= Limited atonement =

Reformed doctrine that Christ's substitutionary death was for the elect alone

Limited atonement (also called definite atonement or particular redemption) is a doctrine in Reformed theology holding that Christ's substitutionary atonement was specifically and effectively aimed at securing the salvation of the elect alone, rather than being merely hypothetically available to all humanity. It encompasses not just forgiveness of sin, but every saving benefit—regeneration, faith, and final perseverance.

It is the third point of the five points of Calvinism (TULIP), codified in the Canons of Dort (1619), the Westminster Confession of Faith (1646), and the 1689 Baptist Confession of Faith.
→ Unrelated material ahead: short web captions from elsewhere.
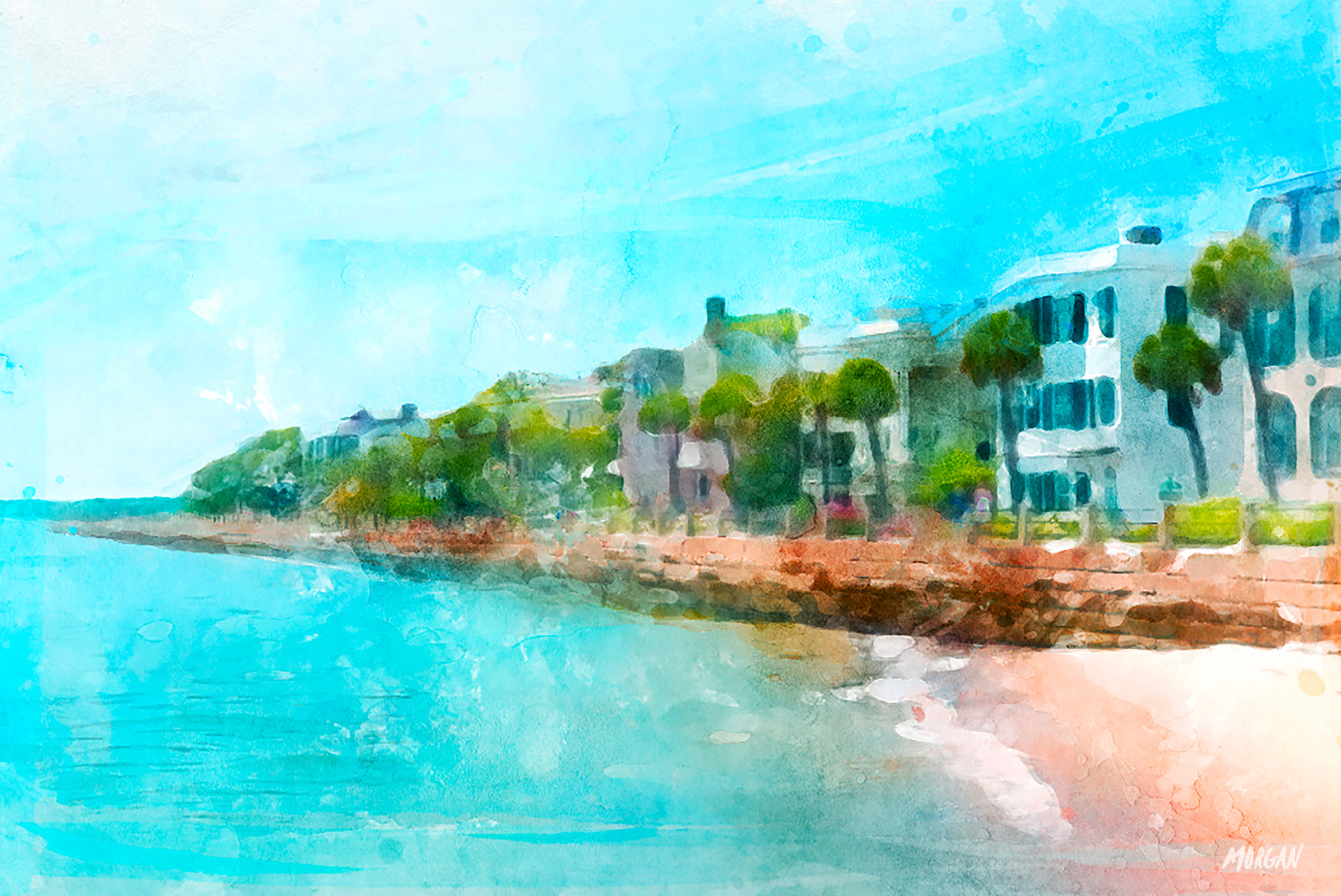 The Battery in Charleston South Carolina Watercolor Wall Art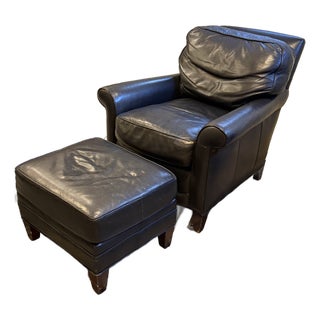 Hancock & Moore Black Leather Chair and Ottoman For Sale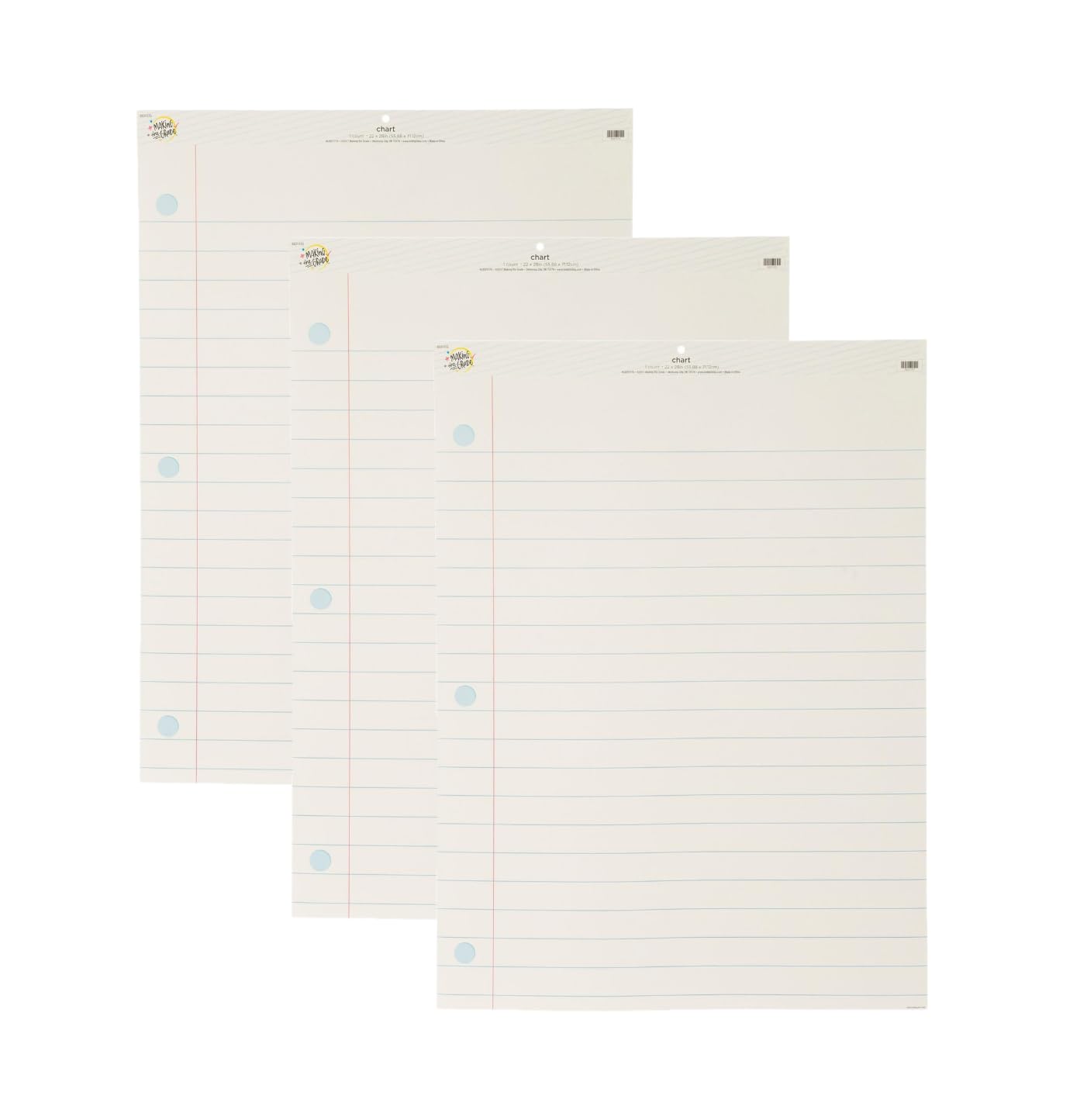 Hobby Lobby Notebook Paper Chart, White with Blue Lines, 28 x 22 inches, Set of 3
It contrasts with unlimited atonement, which teaches Christ died equally for everyone, making salvation conditionally available to all who believe. Hypothetical universalists (Amyraldians, or "four-point Calvinists") also reject it, holding that God decreed a universal atonement while reserving a particular election in its application.

== History ==
=== Patristic and medieval eras ===
Early Christian theologians primarily articulated the atonement through the motifs of cosmic victory (Christus Victor) and the restoration of humanity through the Incarnation (recapitulation). However, during the fifth-century Pelagian controversy, Augustine of Hippo (354–430) placed greater systematic emphasis on the absolute sovereignty of divine grace and unconditional election. In addressing passages such as ("who desires all people to be saved"), Augustine argued that "all" does not denote every individual without exception, but rather all classes, types, and nations of people, or all who are among the predestined elect.
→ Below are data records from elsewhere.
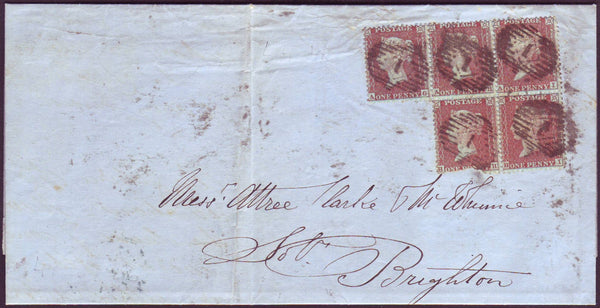 96599 - PL.14 (SPEC C6) USED BLOCK OF FIVE ON COVER. 1856 ...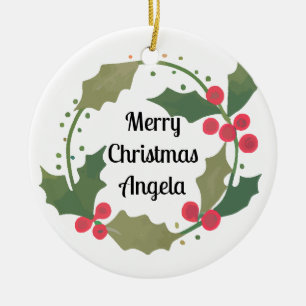 Whimissisk Cjhristmas-Personligen Namn Julgransprydnad Keramik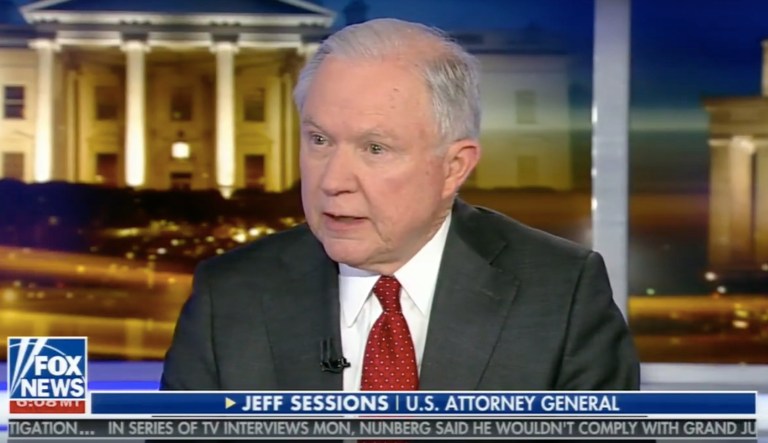 Attorney General Jeff Sessions appeared opposite Tucker Carlson on Fox News Friday night. (screenshot via Fox News)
In the ninth century, the Carolingian monk Gottschalk of Orbais (c. 808–867) defended double predestination and asserted that Christ shed His blood exclusively for the elect, contending that if Christ died for the reprobate, His blood was shed in vain for those who perish. Gottschalk's view was condemned at the Synod of Quierzy (853) under the influence of Hincmar of Reims, but partially vindicated at the Synod of Valence (855). Later medieval scholastics, such as Thomas Bradwardine (c. 1290–1349) and Gregory of Rimini (c. 1300–1358), continued to defend strict Augustinian particularism.

During the twelfth century, Peter Lombard (c. 1100–1160) formulated a distinction in his Sentences (Book III, Dist. 20) that became standard for subsequent Western theology: Christ's death was "sufficient for all, but efficient only for the elect" (sufficiens pro omnibus, sed efficax tantum pro electis). This formula was reaffirmed by high medieval scholastics, including Thomas Aquinas in the Summa Theologiae (III, q. 48, a. 2), who affirmed that the sacrifice of Christ possesses infinite intrinsic worth because of His divine person, while its saving efficacy is realized solely in believers.
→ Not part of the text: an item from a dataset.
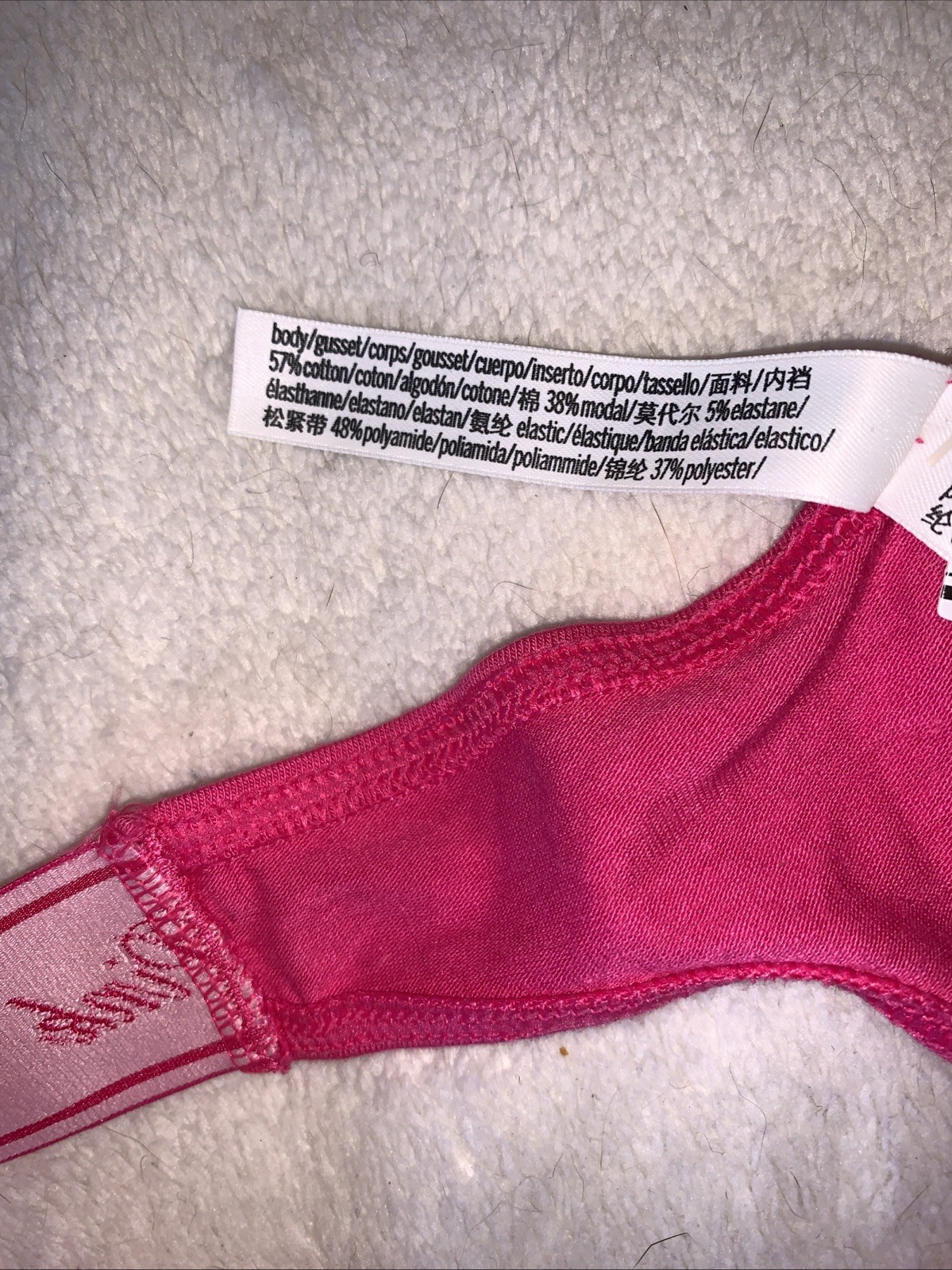 Victoria’s Secret Pink Thong String Cotton Panties XL Logo Band Pink NWT’s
=== Reformation and Calvin ===
The sixteenth-century Protestant Reformers shifted the primary framework of the atonement toward penal substitution, viewing Christ as bearing the legal curse and penalty of the divine law in the place of sinners.

The exact position of John Calvin (1509–1564) regarding the extent of the atonement is a subject of ongoing historical discussion: A number of historical theologians (including R. T. Kendall and Brian G. Armstrong) contend that Calvin held to universal redemption, arguing that definite atonement was a later scholastic development introduced by his successor, Theodore Beza. Other scholars (such as Paul Helm, and William Cunningham) argue that Calvin consistently employed the traditional Lombardian distinction without developing it into an independent locus, and that his systematic commitments to unconditional election and the unified priestly office of Christ (oblation and intercession) align with the later Reformed consensus.

=== Remonstrant controversy and the Synod of Dort (1618–1619) ===
The extent of the atonement became a central confessional issue during the Dutch Remonstrant controversy in the early seventeenth century. In 1610, the followers of Jacobus Arminius published the Five Articles of Remonstrance, asserting in Article II that Christ died for all humanity conditionally.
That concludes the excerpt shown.